**About this exercise**: Restate word for word the part of the material that runs from the line containing "Illuminated buildings in city during sunset" through its final line, inclusive, minus the pictures.

**Data block**:
* * * * * * * * *
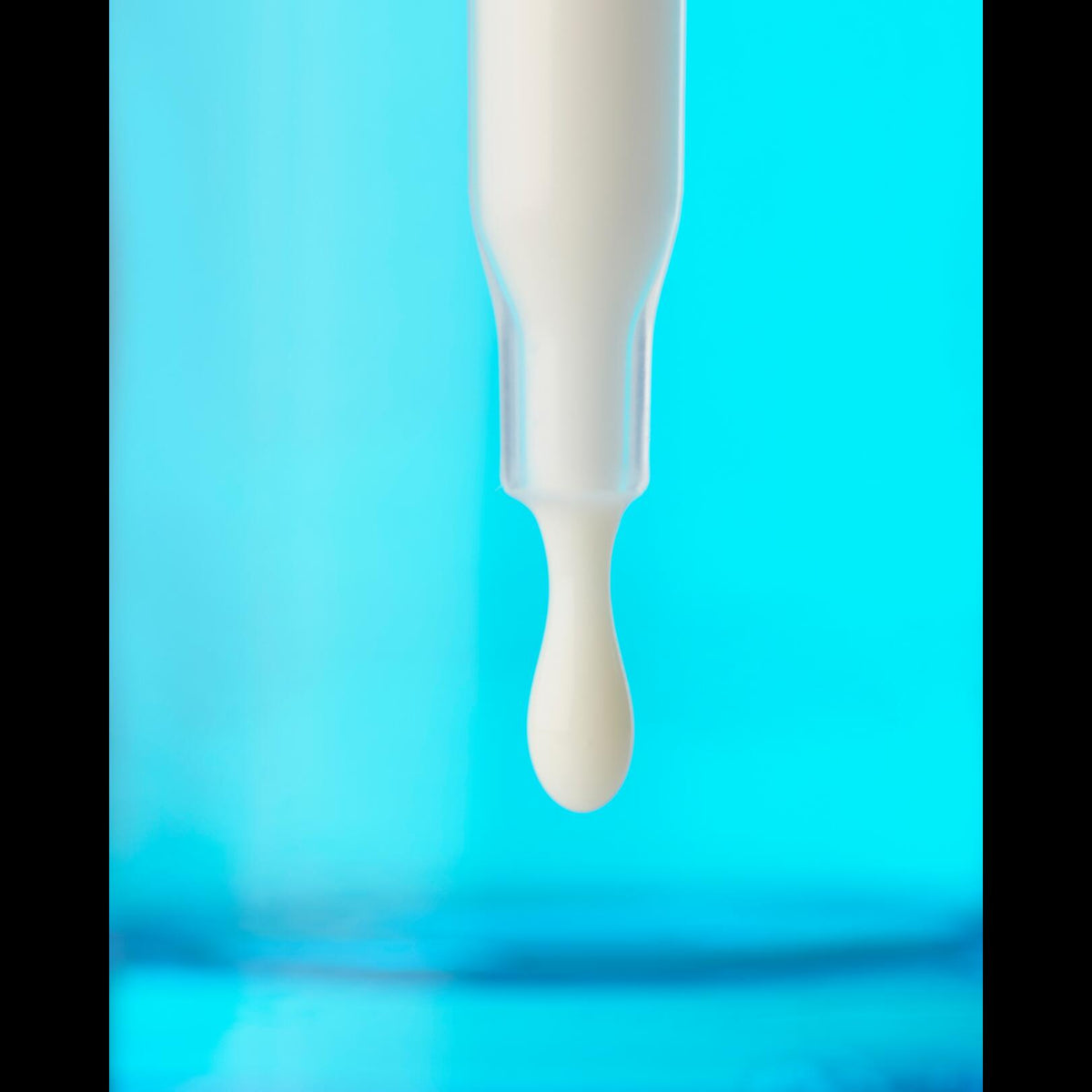 Ducray Keracnyl, dropper with a drop of serum on a blue background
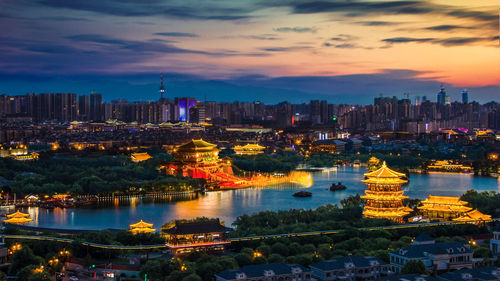 Illuminated buildings in city during sunset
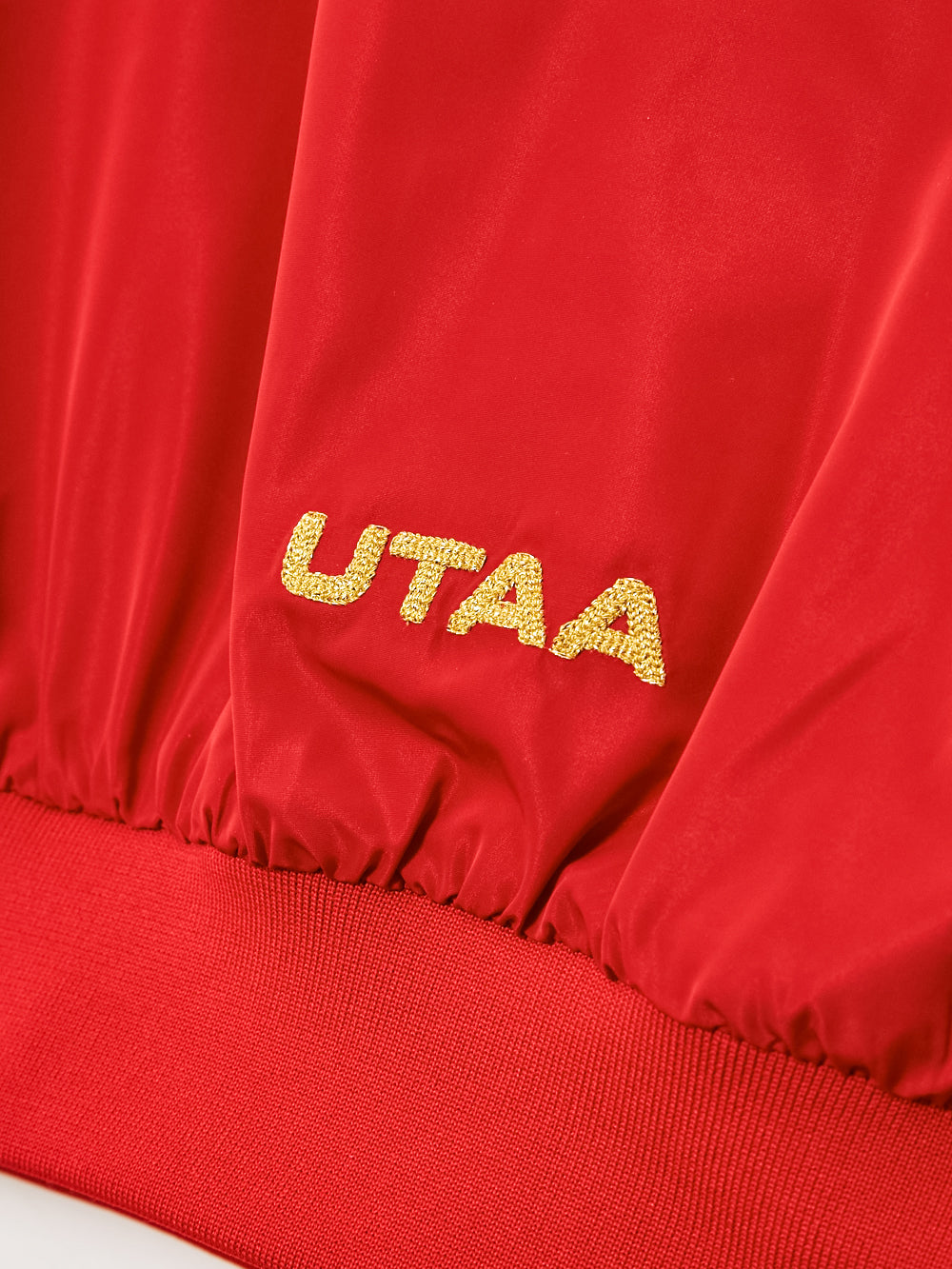 UTAA ゴールデンマークアイコニックウインドブレーカージャンパー レッド : Women's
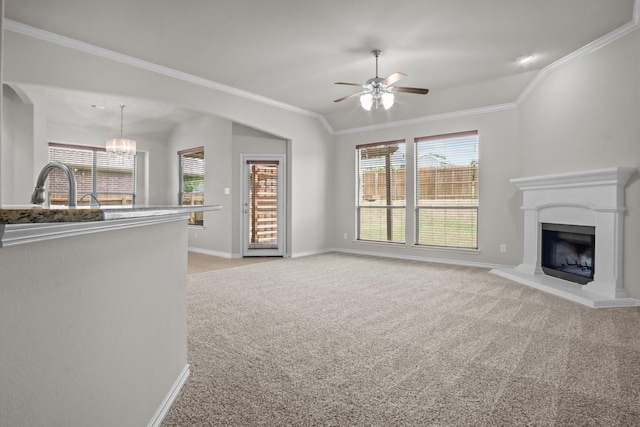 2217 Caroline Dr, Weatherford, TX 76087 - unfurnished living room featuring light colored carpet, a fireplace with raised hearth, ceiling fan with notable chandelier, a healthy amount of sunlight, and ornamental molding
* * * * * * * * *
**Answer to the exercise**:
 Illuminated buildings in city during sunset
 UTAA ゴールデンマークアイコニックウインドブレーカージャンパー レッド : Women's
 2217 Caroline Dr, Weatherford, TX 76087 - unfurnished living room featuring light colored carpet, a fireplace with raised hearth, ceiling fan with notable chandelier, a healthy amount of sunlight, and ornamental molding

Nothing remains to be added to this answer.